Abstract
To achieve long-term accurate predictions of dissolved oxygen in aquaculture environments. In this paper, we propose the Time varying filter based empirical mode decomposition (TVFEMD) - Permutation Entropy (PE) -Temporal Convolutional Networks (TCN) - bidirectional gated recurrent units (BiGRU)-Improved Sparrow Search Algorithm (ISSA) (TPBI) model. First, dissolved oxygen data are applied to the Time-Variant Filtered Empirical Mode Decomposition (TVFEMD) model to remove noise factors in the data. Permutation Entropy (PE) is then applied to reconstruct the data and reduce its complexity. Additionally, Temporal Convolutional Networks (TCN) and Bidirectional Gated Recurrent Units (BiGRU) are combined to extract features from the denoised data, improving the model’s learning efficiency and prediction accuracy. Based on this, the Dynamic Opposite Learning Strategy Improved Sparrow Search Algorithm (ISSA) is introduced to optimize hyperparameters such as batch size and the number of hidden layer units.

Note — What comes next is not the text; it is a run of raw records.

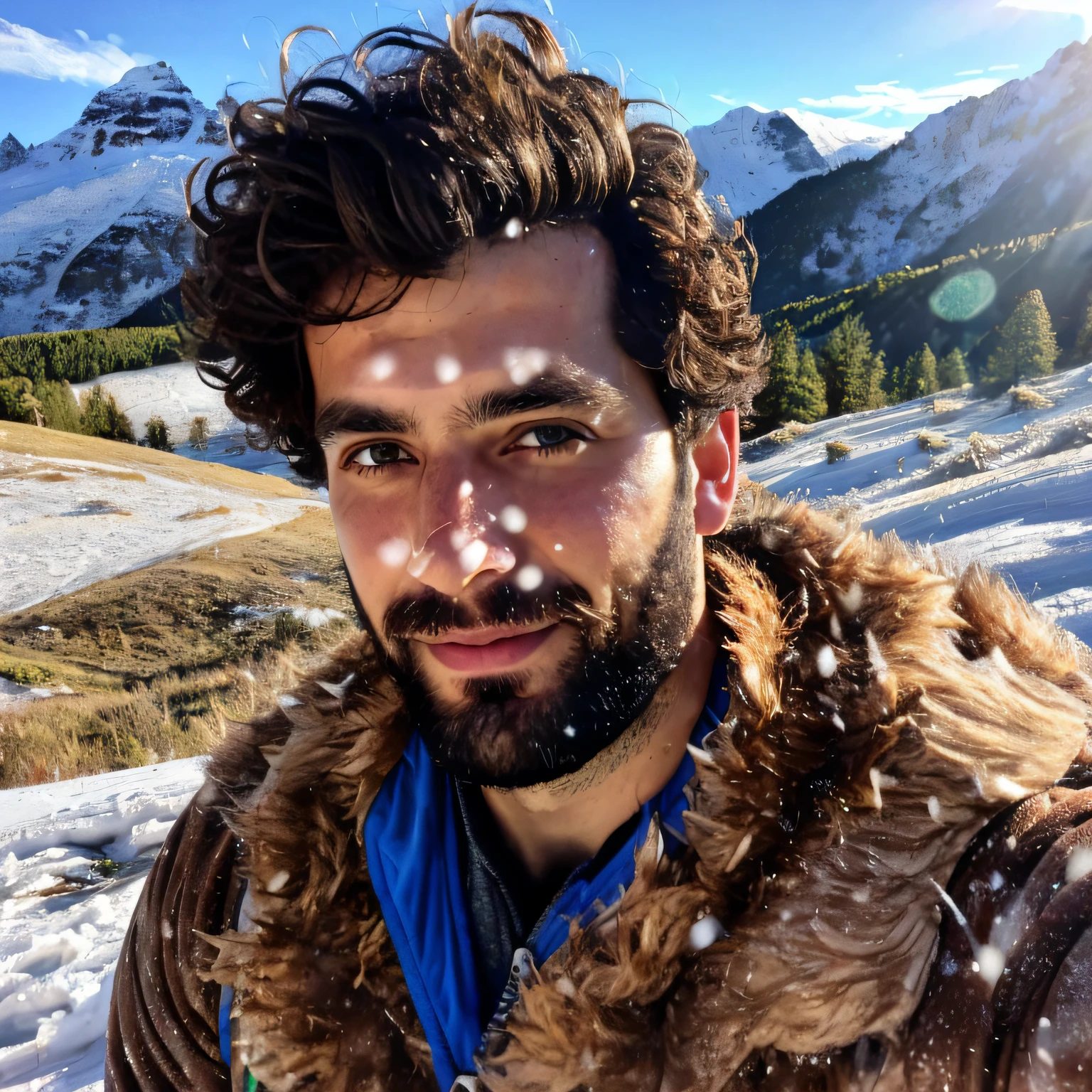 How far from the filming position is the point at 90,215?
9719 centimetres

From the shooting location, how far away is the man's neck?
162 centimetres

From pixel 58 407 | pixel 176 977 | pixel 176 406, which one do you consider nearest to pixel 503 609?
pixel 176 977

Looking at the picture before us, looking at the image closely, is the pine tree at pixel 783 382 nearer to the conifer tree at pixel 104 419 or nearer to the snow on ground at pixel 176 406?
the snow on ground at pixel 176 406

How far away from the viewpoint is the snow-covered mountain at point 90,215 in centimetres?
8619

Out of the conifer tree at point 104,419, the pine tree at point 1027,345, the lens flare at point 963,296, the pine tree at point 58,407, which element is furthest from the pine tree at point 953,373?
the pine tree at point 58,407

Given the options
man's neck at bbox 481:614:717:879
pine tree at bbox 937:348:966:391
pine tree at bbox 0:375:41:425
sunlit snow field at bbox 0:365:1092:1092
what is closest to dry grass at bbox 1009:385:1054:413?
sunlit snow field at bbox 0:365:1092:1092

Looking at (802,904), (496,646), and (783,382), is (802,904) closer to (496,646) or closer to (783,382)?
(496,646)

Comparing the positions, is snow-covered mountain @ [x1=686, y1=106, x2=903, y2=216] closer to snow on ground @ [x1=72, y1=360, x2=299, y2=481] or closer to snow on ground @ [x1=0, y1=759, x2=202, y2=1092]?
snow on ground @ [x1=72, y1=360, x2=299, y2=481]

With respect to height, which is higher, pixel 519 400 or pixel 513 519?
pixel 519 400

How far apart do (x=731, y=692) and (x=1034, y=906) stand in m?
0.52

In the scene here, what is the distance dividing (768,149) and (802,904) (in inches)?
6098

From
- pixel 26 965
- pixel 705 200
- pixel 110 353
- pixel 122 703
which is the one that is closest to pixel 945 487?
pixel 705 200

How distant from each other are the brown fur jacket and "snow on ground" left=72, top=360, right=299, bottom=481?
43.3m

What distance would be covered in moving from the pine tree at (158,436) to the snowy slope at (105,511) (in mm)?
14161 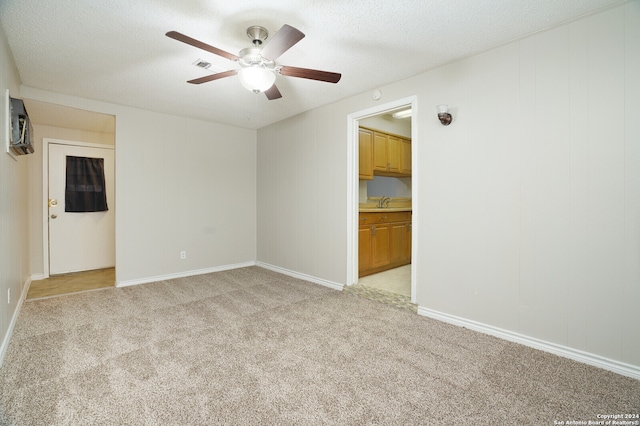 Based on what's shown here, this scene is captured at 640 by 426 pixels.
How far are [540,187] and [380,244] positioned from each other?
2385mm

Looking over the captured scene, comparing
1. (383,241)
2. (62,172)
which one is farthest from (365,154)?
(62,172)

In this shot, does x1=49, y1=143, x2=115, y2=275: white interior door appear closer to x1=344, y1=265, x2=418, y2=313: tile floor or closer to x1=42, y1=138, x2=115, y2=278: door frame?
x1=42, y1=138, x2=115, y2=278: door frame

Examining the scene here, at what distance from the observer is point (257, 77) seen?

The framework was applied to predict dissolved oxygen data from an aquaculture farm in Guangdong Province, with future 1-step, 3-step, and 6-step prediction experiments. The experimental results show that the proposed model outperforms the comparison models in predicting dissolved oxygen, particularly excelling in long-term predictions (6 steps). In terms of Mean Absolute Error (MAE), compared to models such as RNN, BiGRU, CEEMDAN-PE-TCN-BiGRU-ISSA, and TVFEMD-PE-TCN-BiGRU-SSA, the proposed model improved dissolved oxygen prediction by 50%, 55.2%, 50%, and 27.7%, respectively.
Ablation experiments were conducted to verify the effectiveness of all components. In terms of Mean Absolute Error (MAE) and Root Mean Square Error (RMSE), dissolved oxygen prediction improved by 41.3% and 21.0%, respectively. The outstanding performance of this framework in long-term predictions of dissolved oxygen provides effective support for precise environmental control and early warning in aquaculture.